Seminole Tribe Wins Contract Lawsuit Against State Government
Recently, the Sun-Sentinel reported that the Seminole tribe of Florida has prevailed in a contract litigation claim against the state. Specifically, the lawsuit pertained to the legality of offering blackjack and other table games at casinos. As a result of the decision by the federal judge in the case, the Seminole tribe will be allowed to exclusively offer these type of games for the next fourteen years. According to the reporting, the tribe was very satisfied with the ruling. On the other hand, Florida Governor Rick Scott said that officials from the state will review the decision but that he has not yet decided on how the state will proceed on this issue.
The State of Florida Breached its Contract with the Seminole Tribe
In 2010, officials from the state signed a 20-year contract with representatives of the Seminole tribe. It was a wide-ranging and incredibly important agreement that gave the tribe the exclusive legal right to offer certain table casino games within the state of Florida. Blackjack was one of the games for which the tribe obtained exclusive operating rights. The Seminole tribe controls seven casinos in the state and qualifying table gambling would be restricted to those properties. In return, the state of Florida was to get $1 billion from the tribe over the first five years of the deal. After the initial five year period had passed (occurred in 2015) the deal was set for an automatic renegotiation of the specific terms. However, the Seminole tribe argued that the state of Florida quickly breached the contract.

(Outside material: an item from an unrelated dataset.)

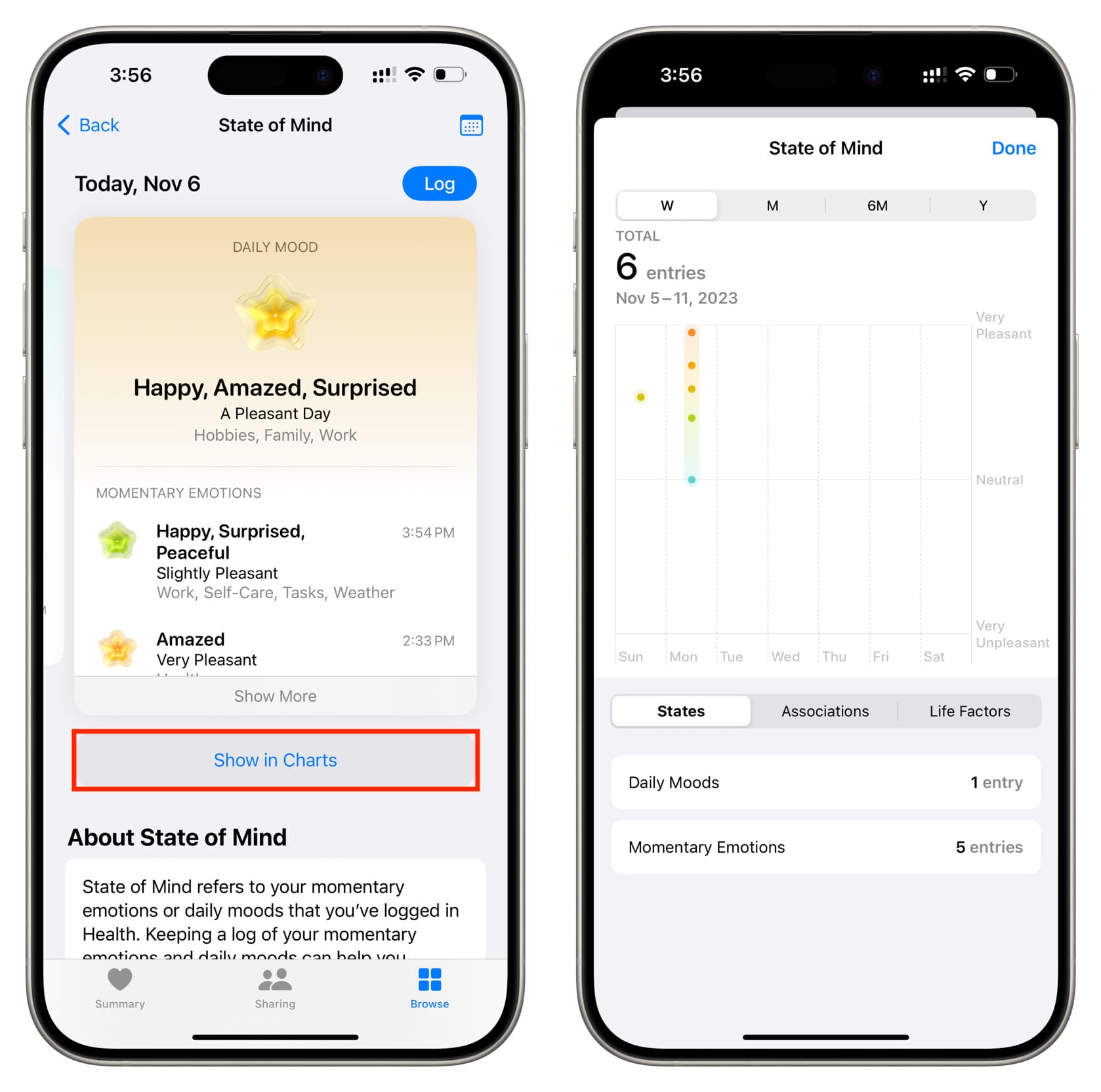 Diagrammansicht Ihrer Daten zum psychischen Wohlbefinden auf dem iPhone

Florida Allowed Other Casinos to Engage in Similar Games
The Seminole tribe was paying a significant amount of money for exclusive table game rights. Though, in the view of the court, the state of Florida allowed other casinos to offer a very similar type of game that violated the fundamental intentions of the contract. More specifically, these similar games were are known as ‘designated-player’ games. Technically, they do not operate quite like traditional casino table gambling. This is because designated player games do not involve the ‘house’. There is no dealer who acts in the role of the house at the gaming table. Instead, the individual players play exclusively against each other. Still, they are table games and as such these games can bring in a great deal of money to casinos who provide space for them. The court records suggest that designated player games have become so popular that they took away a large amount of the customer base of the casinos run by the Seminole tribe. The federal court agreed that this constituted a violation of their contract rights.